>>>
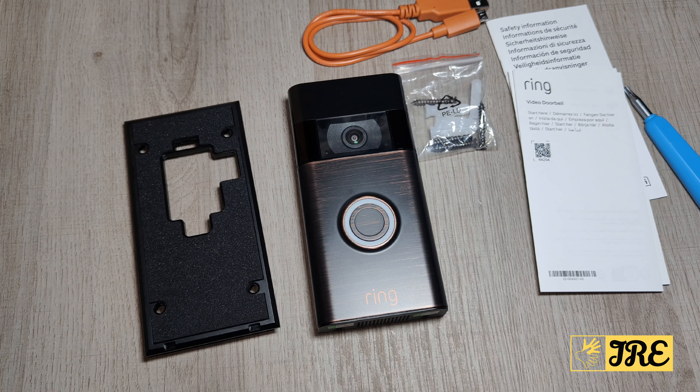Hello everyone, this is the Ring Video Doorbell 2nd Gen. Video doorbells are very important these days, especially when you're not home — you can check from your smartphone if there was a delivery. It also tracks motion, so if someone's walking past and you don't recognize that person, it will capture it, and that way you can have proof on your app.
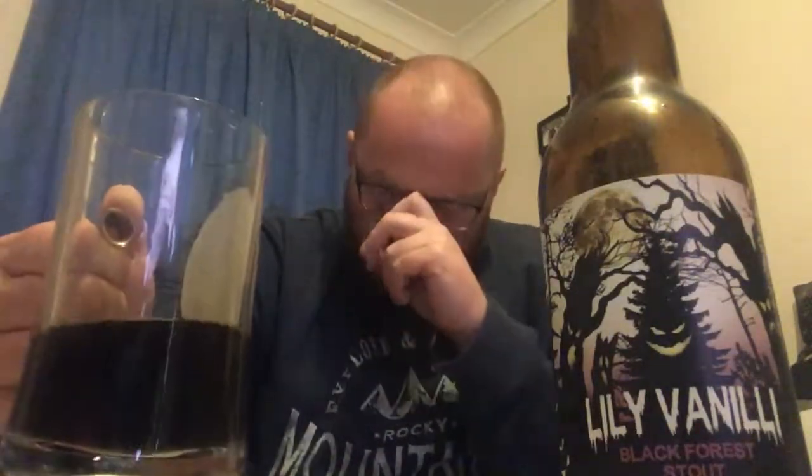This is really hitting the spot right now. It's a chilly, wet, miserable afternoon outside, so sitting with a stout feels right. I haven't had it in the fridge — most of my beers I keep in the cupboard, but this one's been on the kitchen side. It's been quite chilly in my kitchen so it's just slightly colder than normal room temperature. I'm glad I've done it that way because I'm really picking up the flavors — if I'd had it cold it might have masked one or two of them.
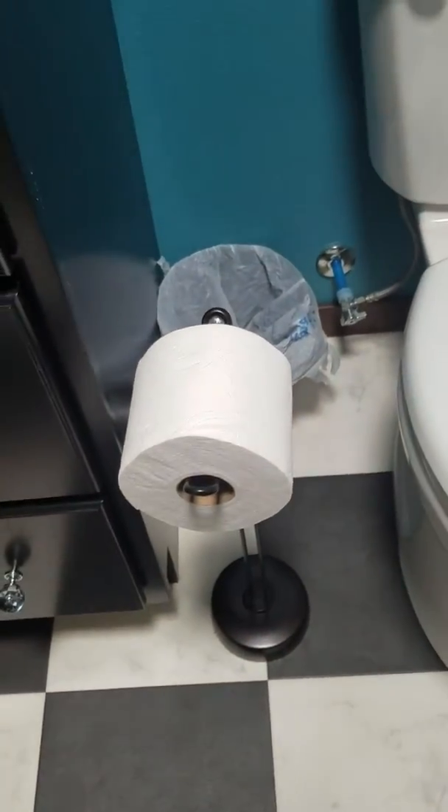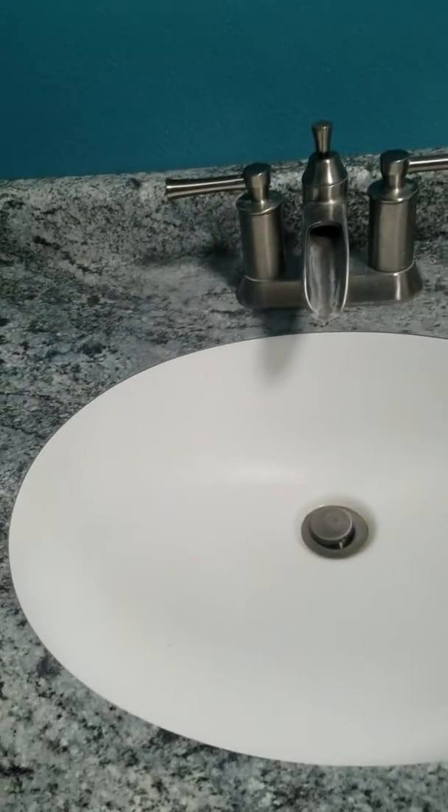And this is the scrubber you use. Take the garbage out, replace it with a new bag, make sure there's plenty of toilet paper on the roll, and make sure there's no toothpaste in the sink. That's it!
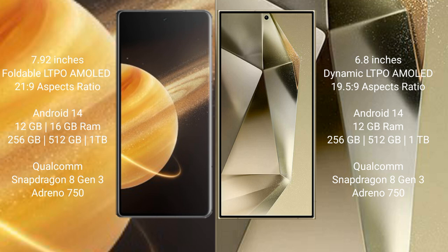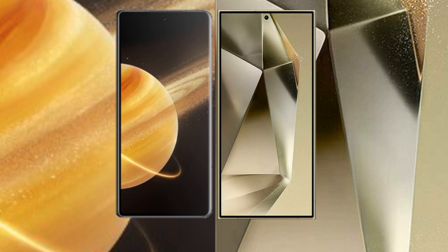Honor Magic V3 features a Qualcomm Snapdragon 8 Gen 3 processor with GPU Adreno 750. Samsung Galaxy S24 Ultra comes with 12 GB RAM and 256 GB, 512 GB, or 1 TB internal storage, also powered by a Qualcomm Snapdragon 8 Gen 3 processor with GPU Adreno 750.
<<<
>>>
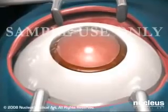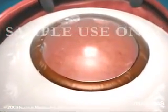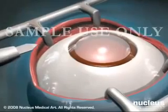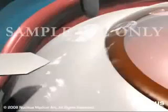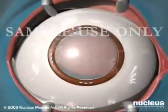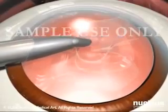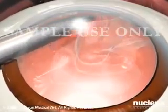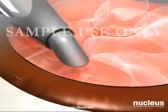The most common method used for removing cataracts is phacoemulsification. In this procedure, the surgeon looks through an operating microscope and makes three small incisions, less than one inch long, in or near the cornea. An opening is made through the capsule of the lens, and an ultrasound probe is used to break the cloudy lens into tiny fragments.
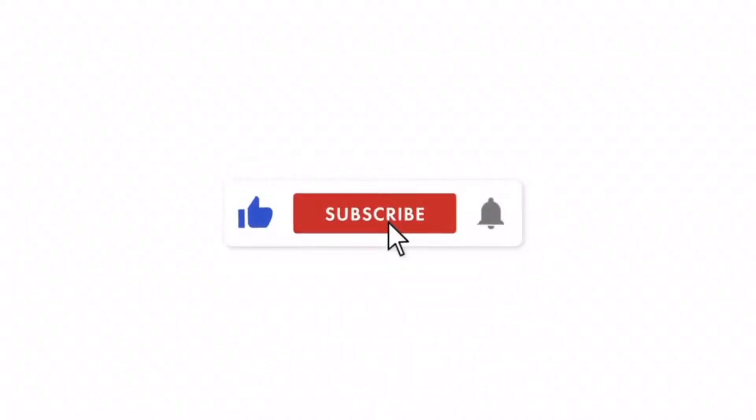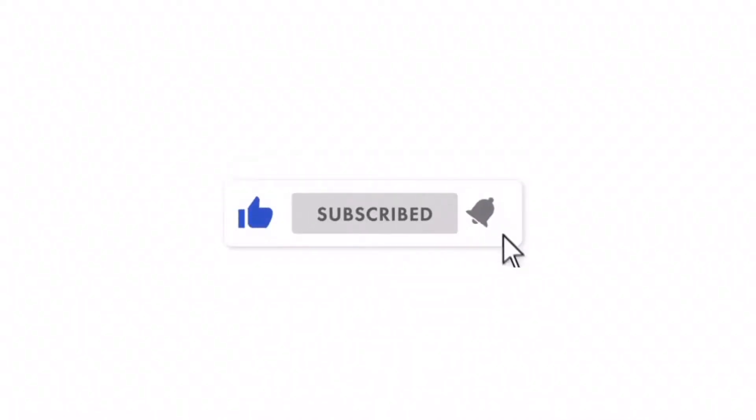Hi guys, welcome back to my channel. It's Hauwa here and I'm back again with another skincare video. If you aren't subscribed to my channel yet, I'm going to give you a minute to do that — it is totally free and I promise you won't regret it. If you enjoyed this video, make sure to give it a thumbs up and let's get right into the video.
<<<
>>>
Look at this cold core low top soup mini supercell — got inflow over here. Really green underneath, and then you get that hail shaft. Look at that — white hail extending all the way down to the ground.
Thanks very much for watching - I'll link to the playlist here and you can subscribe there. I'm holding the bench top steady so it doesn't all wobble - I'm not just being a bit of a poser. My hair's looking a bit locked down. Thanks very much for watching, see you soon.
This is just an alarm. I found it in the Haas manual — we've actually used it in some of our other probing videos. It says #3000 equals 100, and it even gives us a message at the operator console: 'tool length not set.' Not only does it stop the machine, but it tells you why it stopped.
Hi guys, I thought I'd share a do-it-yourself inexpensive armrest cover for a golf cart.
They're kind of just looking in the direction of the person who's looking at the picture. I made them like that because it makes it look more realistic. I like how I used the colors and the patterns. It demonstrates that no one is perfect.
<<<
EXERCISE INSTRUCTIONS> When copying from the data above, begin at the line containing "This is really" and end at the line containing "Honor Magic V3"; return those lines exactly and leave all pictures behind.

REPLY>
This is really hitting the spot right now. It's a chilly, wet, miserable afternoon outside, so sitting with a stout feels right. I haven't had it in the fridge — most of my beers I keep in the cupboard, but this one's been on the kitchen side. It's been quite chilly in my kitchen so it's just slightly colder than normal room temperature. I'm glad I've done it that way because I'm really picking up the flavors — if I'd had it cold it might have masked one or two of them.
And this is the scrubber you use. Take the garbage out, replace it with a new bag, make sure there's plenty of toilet paper on the roll, and make sure there's no toothpaste in the sink. That's it!
Honor Magic V3 features a Qualcomm Snapdragon 8 Gen 3 processor with GPU Adreno 750. Samsung Galaxy S24 Ultra comes with 12 GB RAM and 256 GB, 512 GB, or 1 TB internal storage, also powered by a Qualcomm Snapdragon 8 Gen 3 processor with GPU Adreno 750.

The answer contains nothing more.